Ebet Roberts/Redferns/Getty

Behind a pair of thick wire-rimmed spectacles and underneath a broad-brimmed black hat, Andy Partridge is miffed. ”What did I tell you?” he says peevishly, thumbing through a rock & roll reference book he’s pulled off a back shelf in a used-book store in North Hollywood, California. ”They don’t mention us in this one, either. In fact, I think we can safely say that XTC are not mentioned in a single book in this store.”

The wry, professorial-looking Partridge shrugs. ”I’ve looked,” he says, ”and for every ten books, we’re only mentioned in one. The rest of them jump straight from Link Wray to Neil Young or somebody. That means” — and here his voice begins to rise in a parody of righteous indignation — ”that out of every hundred books, we don’t even exist according to ninety of them.” He lowers his voice back to its subdued, proper British tone. ”That used to annoy me.”

Certainly, after a dozen years in which XTC has moved from an urgent, jittery rock band to the group of pop craftsmen responsible for melodic gems like 1987’s Skylarking and the current Oranges and Lemons, the band deserves to be mentioned in more of rock’s reference volumes: After all, these clever, postpunk tunesmiths are responsible for a sparkling catalog of hits, near hits and, most often, should-have-been hits, from ”Making Plans for Nigel,” ”Generals and Majors,” ”Respectable Street” and the band’s controversial breakthrough, ”Dear God,” to ”Mayor of Simpleton” and ”King for a Day,” from the new LP. But singer-songwriter-guitarist Partridge, 35, and his band mates — singer-songwriter-bassist Colin Moulding, 33, and guitarist-keyboardist Dave Gregory, 36 — are hardly typical rock stars: they live quietly in the English countryside; they never tour; and they rarely make videos.
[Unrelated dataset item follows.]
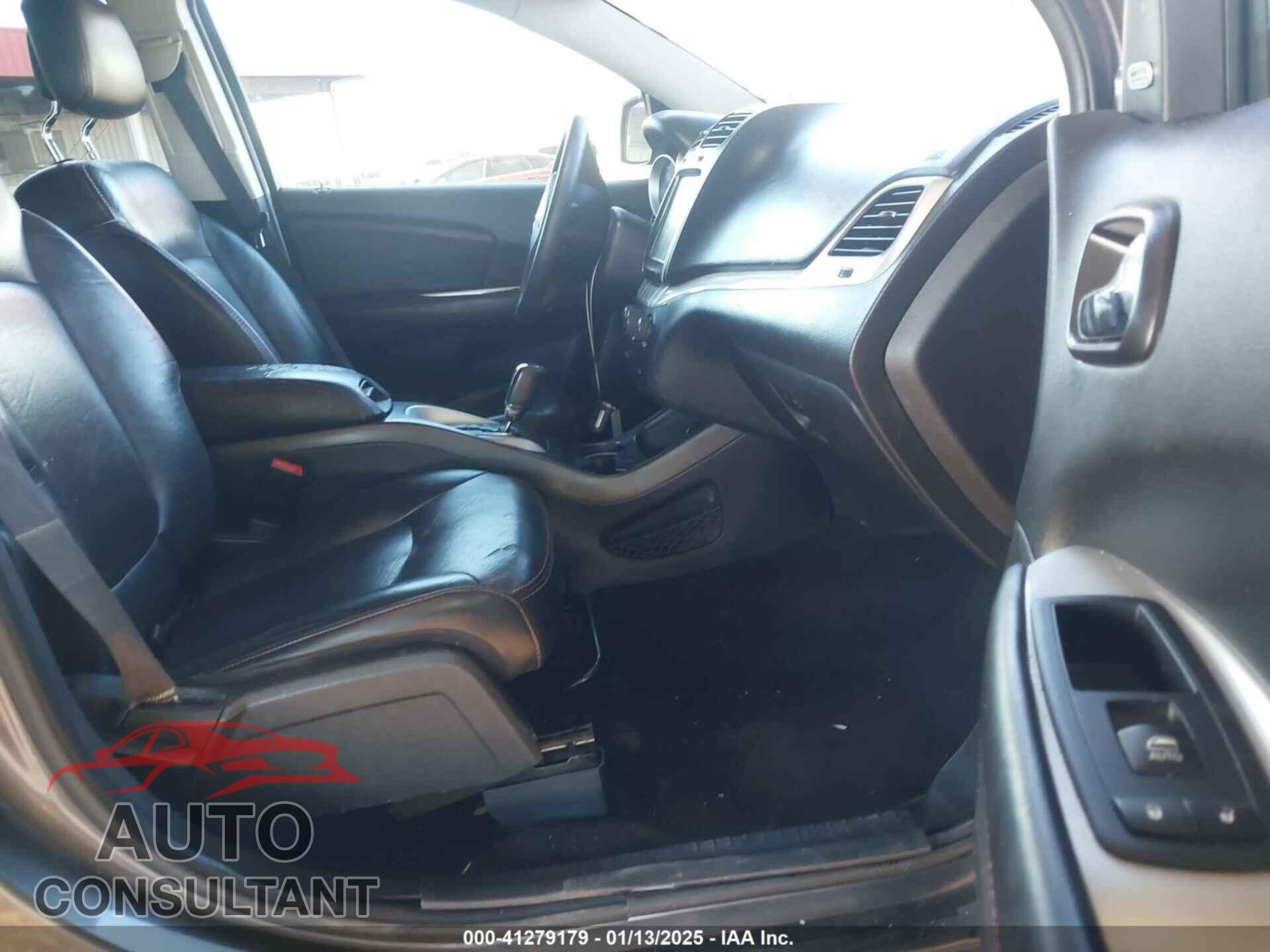 DODGE JOURNEY 2017 - 3C4PDDEG9HT618660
And when Partridge wanders through the used-book store, he pauses only briefly in the music section. Most of the time, he peruses the art and design shelves, looking for catchy ideas he can copy at home; the history section, in search of books on the early eighteenth century; and the war-games section, browsing for anything he doesn’t already own. This last quest is tricky, because Partridge is probably the only pop star who dreams about his collection of toy soldiers.

”If you’re English, you either have bad teeth, or you collect something, or you’re gay,” he says with a shrug. ”I have two out of the three. My teeth are rotten, and I’m kind of besotted with toy soldiers.”
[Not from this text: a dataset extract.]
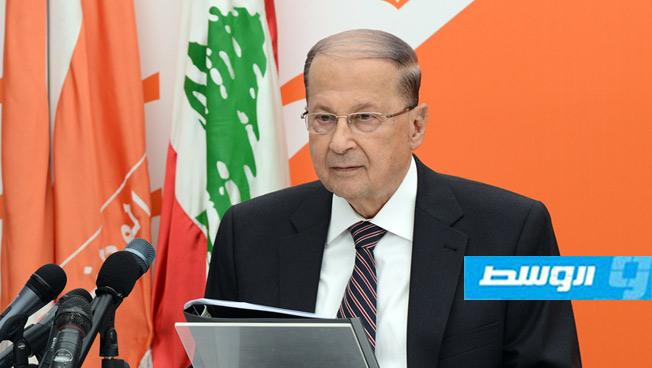الرئيس اللبناني: نرفض تهديدات العدو الإسرائيلي الذي يتصرف خلافا للقرارات الدولية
He laughs. ”Our band doesn’t have any rock & roll lifestyles, I’m afraid. We’re horribly mundane, aggressively mundane individuals.” His eyes light up. ”We’re the ninjas of the mundane, you might say.”

It’s an overcast day in Los Angeles, and the sometimes spectacular vistas you can see from the Hollywood Hills are obscured by a dense, dirty cloud. For a native, this is business as usual, but to Andy Partridge, on his way from the bookstore to his manager’s hillside home, it’s something different: ”a liquid sea of methane, twenty-four-foot deep,” covering a city ”that looks like a massive building site, with a poison atmosphere, populated by liars.”

Partridge delivers this assessment in his driest tone, then laughs. L.A. may be the place where XTC recorded Oranges and Lemons in the summer of 1988, but it’s a far cry from home. That’s Swindon, ”a sprawling, messy kind of town” built in the spot where trains on the way to Bristol would run out of coal. ”It’s pretty much a bum hole,” adds Colin Moulding, ”but the countryside around Swindon is really beautiful.”

In Swindon, Partridge and Moulding grew up in a government-housing block populated, if one is to believe Partridge’s tales, almost entirely by mental, physical and/or emotional defectives. He describes a dwarf hunchback who compensated for his physical deformities by being ”one of the most obnoxious people you’d ever meet”; a ludicrously ugly woman who worked part time as a prostitute when her simpleton husband was out of town; a big, lumpy teenager whose voice never broke, who kept a collection of used, knotted condoms by his bedside; another kid, this one mentally impaired and stricken with intolerable acne, who’d get sexually excited and randomly hug strangers of either sex — and who’d also sneak into people’s houses and sit in a corner for hours. Once, the teenage Partridge was standing in front of his mirror, painstakingly imitating The Men From U.N.C.L.E.‘s Illya Kuryakin, when he heard a low chuckle from the corner. ”He’d been there watching me, I guess, for ages,” says Partridge, ”and when I found that out, I felt as stupid as he was.”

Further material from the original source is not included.